• [Exercise prompt] Since the copy must hold text only, transcribe the data below exactly and omit the images.

• [Given material]
┄┄┄┄┄┄

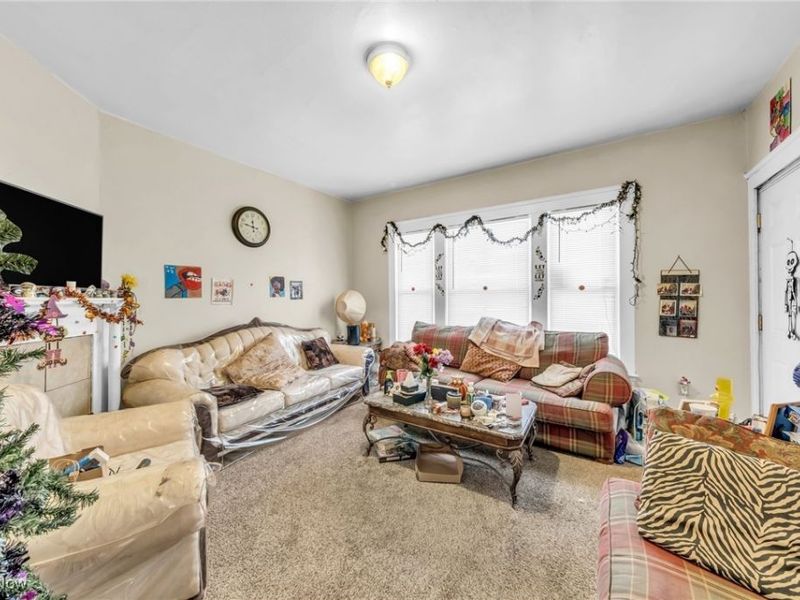 1374 E 115th Street, Cleveland, OH 44106 Photo 12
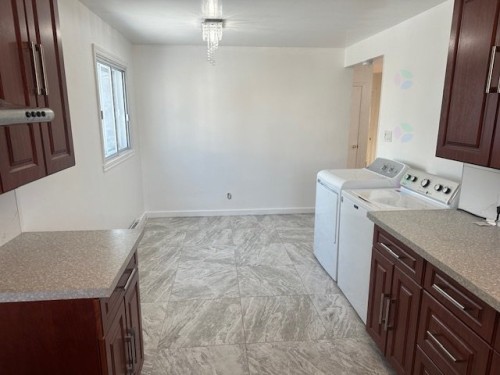 Kitchen - 830 Rue Radisson, Montréal (Lasalle), QC - Indoor Photo Showing Laundry Room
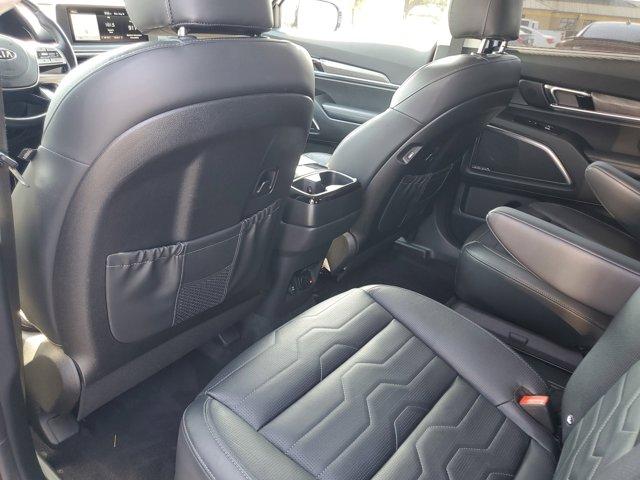 Photo of 2021 Glacial White Pearl Kia Telluride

┄┄┄┄┄┄

• [Solution to this exercise]
 1374 E 115th Street, Cleveland, OH 44106 Photo 12
 Kitchen - 830 Rue Radisson, Montréal (Lasalle), QC - Indoor Photo Showing Laundry Room
 Photo of 2021 Glacial White Pearl Kia Telluride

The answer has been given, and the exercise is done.